Until the local folks figure that less is more. Most will be further desentised by news(or is it infotainment?). Maybe Fox possibly selling WJW could be a real blessing in that regards.

Anonymous said...

This is a very interesting thought regarding who the next set of "icons" will be. I have always known Tim, Ted, Dick and Wilma and it will be (was) strange to see them retire. Just my personal opinion but I believe the best news team Cleveland has ever seen was in the 1980's when Tim Taylor, Robin Swoboda, Casey Coleman and Dick Goddard anchored "Newscenter 8". They felt like family and the news was informative and less "hard hitting".

Anonymous said...

I'm a bit younger so I only have vauge memories of Newscenter 8 but I definately think that there are certain people that will be icons like Bill and Stacey on 8, and in all honesty I doubt that Tim and Robin were were better than than them, but it might be generational gap thing.

Anonymous said...

I'm afraid the days of local icons are over.

People move from place to place too much anymore to consider one particular place home.

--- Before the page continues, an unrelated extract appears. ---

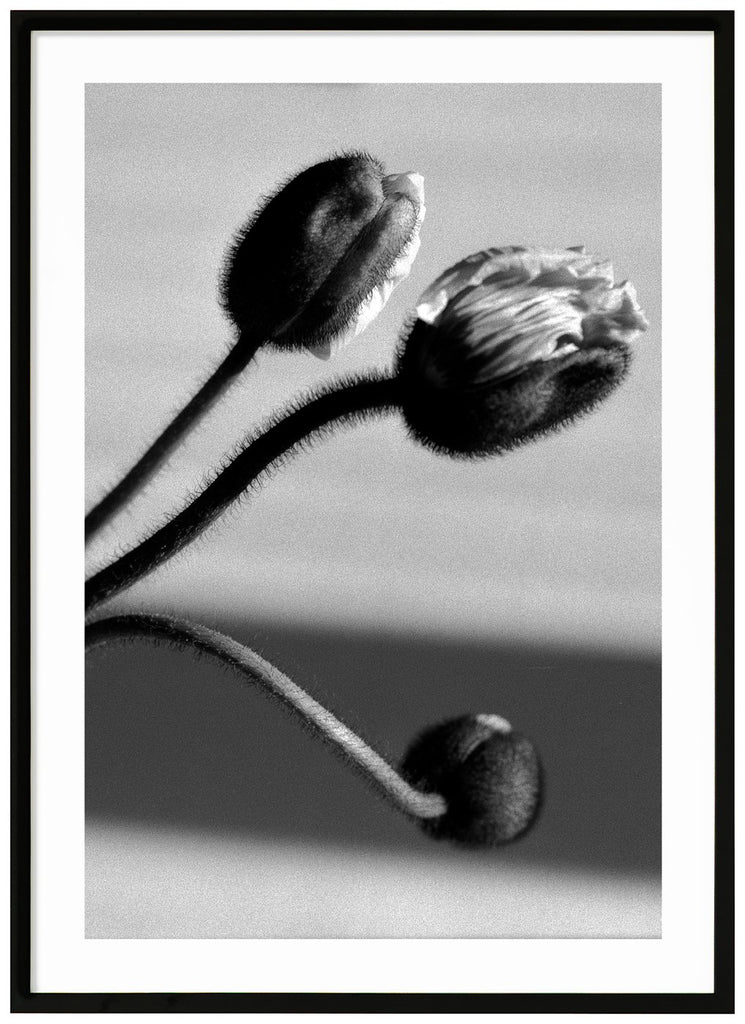 Grafisk svart-vit poster av vallmo-blommor i närbild. Stående format. Svart ram.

The Ted Henrys, Tim Taylors, Wilma Smiths, Dick Goddards, and Big Chucks aren't what people want nowadays in this snappy, bang-bang-bang media world.

Wilma is slowly being phased out, Ted has a Johnny Carson-ish contract which is used so guys like Paul Kiska can "audition" for the 6 and 11 job post-Ted, Dick is being phased out by Andre Bernier, Tim Taylor and Big Chuck are retired, Del Donahue recently retired.

The closest things to "modern icons" in town these days are Ramona Robinson (nearly 20 years in C-Town split between 43 and 3), Jim Donovan (20+ yrs at 3), Denise Dufala (15 yrs split between 8 and 19/43) and Lou Maglio (nearly 20 yrs split between 5 and 8).

Other than that most newspeople in this town have been here less than 10 years.